La jetée, une semaine
La mer, un jour
Le ciel, une heure


Trois lieux, de multiples histoires, un seul objectif : s'échapper pour survivre.


Christopher Nolan ne s'embarrasse pas de contexte. Puisque tout le monde connait (désormais) l'histoire, il ne va pas nous la raconter une nouvelle fois. Il va nous la faire vivre. Il va nous la faire vivre comme rarement un film de guerre nous aura fait vivre LA Guerre avec un grand, très grand G.
Le défi est immense parce que réaliser un film de "guerre" est un exercice difficile au vue de la richesse des titres qui compose le genre. De l'enfer d'Apocalypse Now, jusqu'à la quête de Malick dans La Ligne Rouge en passant par Il Faut Sauver le Soldat Ryan...Le genre est riche de grand film, de grande performance et de style.


Mais Nolan a pour habitude de transcender les genres sur lesquels il travaille. Et ce Dunkerque n'est pas juste un film de guerre. C'est l'histoire d'une survie, d'une improbable fuite pour l'espoir. D'un contre la montre pour continuer d'espérer. Dunkerque est un drame humain à l'action ciselée, un opéra bruyant entre destruction, peur et espoir.


Les nombreux partis pris par C. Nolan vont diviser. Le premier, son découpage évidemment. Raconter Dunkerque en jouant sur les unités de temps de chacun des axes est à mon goût brillant et permet de donner une intensité assez fabuleuse pendant les 1h47. Jouer avec cette unité de temps rend le film irrespirable tout du long et ne nuit jamais à sa compréhension.
Le second, les personnages. C. Nolan décide de n'en développer aucun. Ces hommes sont justes des gars de l'armée ou des civils fiers d'aider. Des hommes parmi d'autres, certains vont survivre, d'autres vont mourir. Rien de plus. Et après tout...n'était-ce pas ça la guerre ? Un collectif d'homme où certains allaient au bout et pas d'autres. Ce parti pris ultra-réaliste est à mon sens le plus risqué et il s'accompagne d'une absence totale de contexte. Pourtant le film n’est pas dénué de psychologie et de profondeur. Le personnage d’Harry Styles en est la preuve et la scène dans le bateau coulant suite aux tirs allemands en est le meilleur exemple.

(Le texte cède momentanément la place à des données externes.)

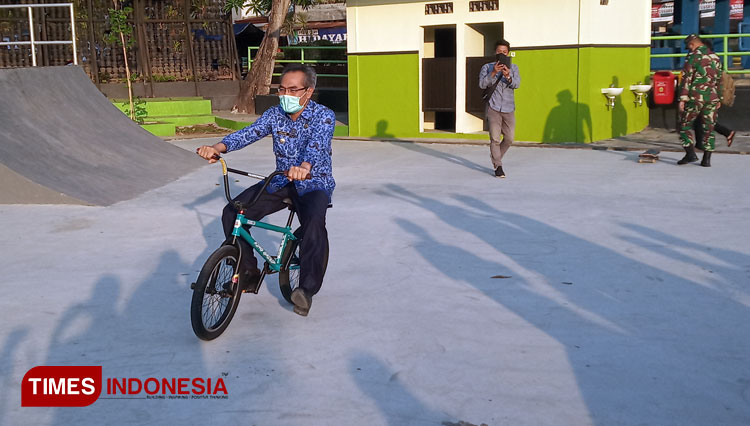 Bupati Bantul Abdul Halim Muslih ketika mencoba lintasan sepeda BMX yang ada di Taman Milenial. (FOTO: Totok Hidayat/TIMES Indonesia)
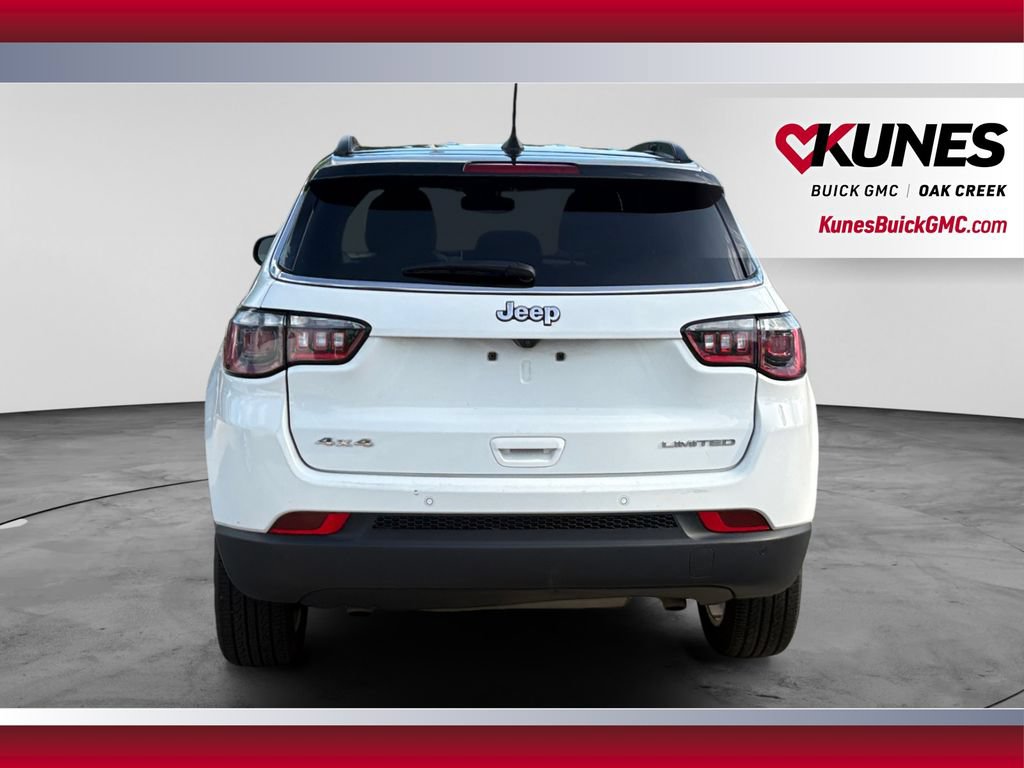 Used 2025 Jeep Compass Limited AWD/4WD image 9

Le film s'ouvre sur une scène d'ouverture magistrale où l'on entre immédiatement dans le cœur de l'étau de Dunkerque. Pas de héros, pas de passé, juste les peurs et les espoirs de militaires pris au dépourvu qui n'ont pour seul espérance "La Patrie". Leur futur ne dépend plus d’eux mais des autres. Des autres que rien ne prédestinait à faire la guerre.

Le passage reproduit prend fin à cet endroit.